#### Instructions for the task
Nothing but the lines below from the one holding "Romanica - Peonia" up to and including the one holding "Ученые на хомяках" should be copied, exactly and without pictures.

#### Data to examine

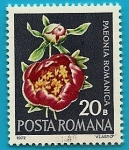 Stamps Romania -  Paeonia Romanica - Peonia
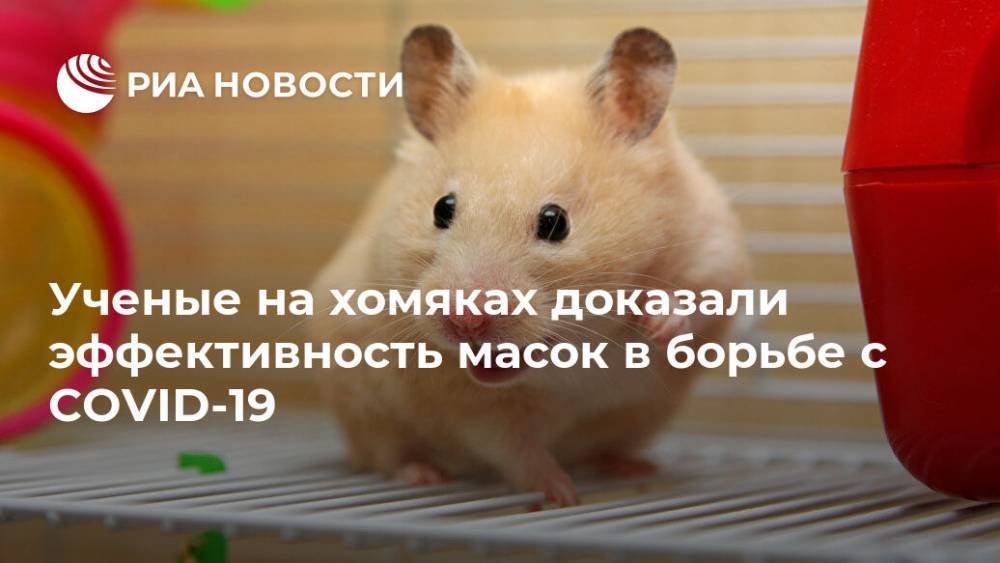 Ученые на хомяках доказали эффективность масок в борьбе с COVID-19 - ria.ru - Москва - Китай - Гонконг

--

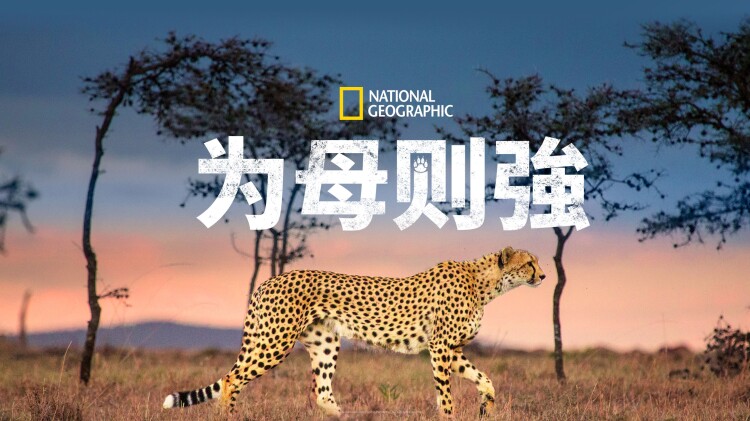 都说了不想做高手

* * *

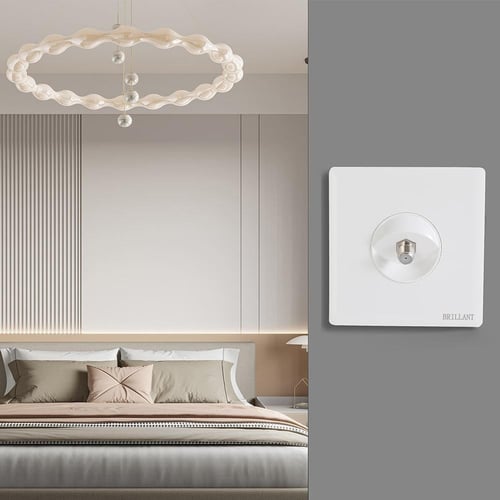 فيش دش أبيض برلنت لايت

#### Exercise response
 Stamps Romania -  Paeonia Romanica - Peonia
 Ученые на хомяках доказали эффективность масок в борьбе с COVID-19 - ria.ru - Москва - Китай - Гонконг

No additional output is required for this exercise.